Prioritize collaboration.

The pandemic has underscored the importance of infection prevention teams collaborating with other departments to reduce and prevent HAIs. The health system’s clinical epidemiology team noted that developing relationships with different departments and seeking out their help was key to helping their program run more efficiently. “Ask for help,” advised the clinical epidemiology director. “People can step up to bat. We know everybody in every position in the hospitals had to really change their thinking about ‘This isn’t just my job; I have to be able to help everybody.’”

Invest in infection prevention.

As hospitals face rising costs, it might be tempting to scale back on infection prevention funding post-pandemic. However, the importance of investing in infection prevention and control programs has been well documented. Studies have shown that increased investments in infection prevention have a significant impact on reducing HAIs. Costs associated with HAIs can rise as high as $25,000 per infection, and HAIs in U.S. hospitals have direct medical costs of more than $28 billion each year. Given this, allocating more funding to infection prevention could help hospitals see significant savings in the long run.

Costs associated with HAIs can rise as high as $25,000 per infection

Seek out clinical data expertise.

With infection preventionists taking on more responsibilities, executives should consider what duties can be outsourced. Third-party partnerships can add stability in volatile times, help hospitals keep up with changing reporting requirements, and free up infection preventionists to focus on duties they cannot outsource. Through these partnerships, clinical data experts can review data in real-time, immediately alert hospital staff to infections, and look for process improvements to help staff prevent more infections.

At the health system Q-Centrix partners with, working with Q-Centrix also ensured that clinical data management practices were consistent across all sites in the health system. The health system’s clinical epidemiology team met with Q-Centrix’s clinical data experts weekly to review and discuss cases, which both instilled the team’s confidence in the integrity of the clinical data and helped new staff learn the process of abstracting and reviewing cases.

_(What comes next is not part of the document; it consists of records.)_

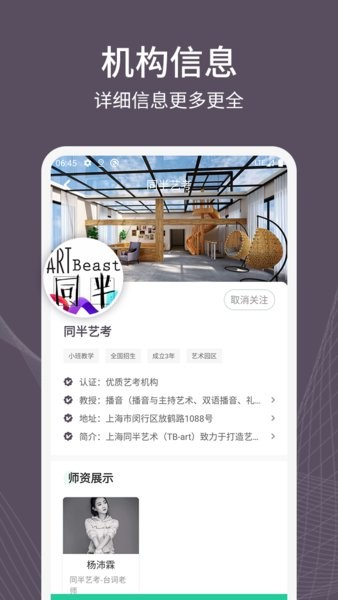 艺考之家  v1.2.2图1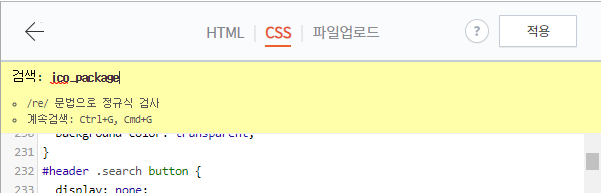 ico_package 검색하는 모습 이미지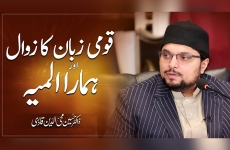 Qaumi Zuban Ka Zawal awr Hamara Almiya-by-Prof Dr Hussain Mohi-ud-Din Qadri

"Always make sure your mentality is to embrace changes and learn on the fly."

Leverage training.

Training is a valuable tool for ensuring all team members can perform their role—or even duties outside of their role—efficiently. The orientation guides the health system’s clinical epidemiology director developed helped new staff, who lacked traditional infection prevention experience, gain the skills their roles required. Similarly, the clinical epidemiology team found that cross-training their system-level infection preventionist to fill in at different sites and roles afforded their team adequate coverage, which was particularly valuable during the pandemic.

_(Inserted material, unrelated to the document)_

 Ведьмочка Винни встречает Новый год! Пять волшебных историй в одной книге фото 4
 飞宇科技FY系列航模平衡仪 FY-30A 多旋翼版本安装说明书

“We had to reorganize to help each other make [processes] run more efficiently,” said the clinical epidemiology director. “At some places, you have a team that does surveillance and that’s it. That works well when things are going well. But when you get in a crisis like [the pandemic] and you need to pull their help, they need to be well-rounded enough that they can step in for some of these other jobs.”

Conclusion

While the infection prevention field has seen great turbulence in recent years, these events have brought lessons and practices infection preventionists can continue following as they work on getting back to baseline. Embracing change, collaboration, and creative problem-solving will be invaluable moving forward.

Hospital leaders need to support infection preventionists and employ strategies to cope with labor shortages while prioritizing patient care. By investing in infection prevention, prioritizing training, and pursuing partnerships with clinical data experts, leaders can help infection prevention departments prepare for any changes that lie ahead.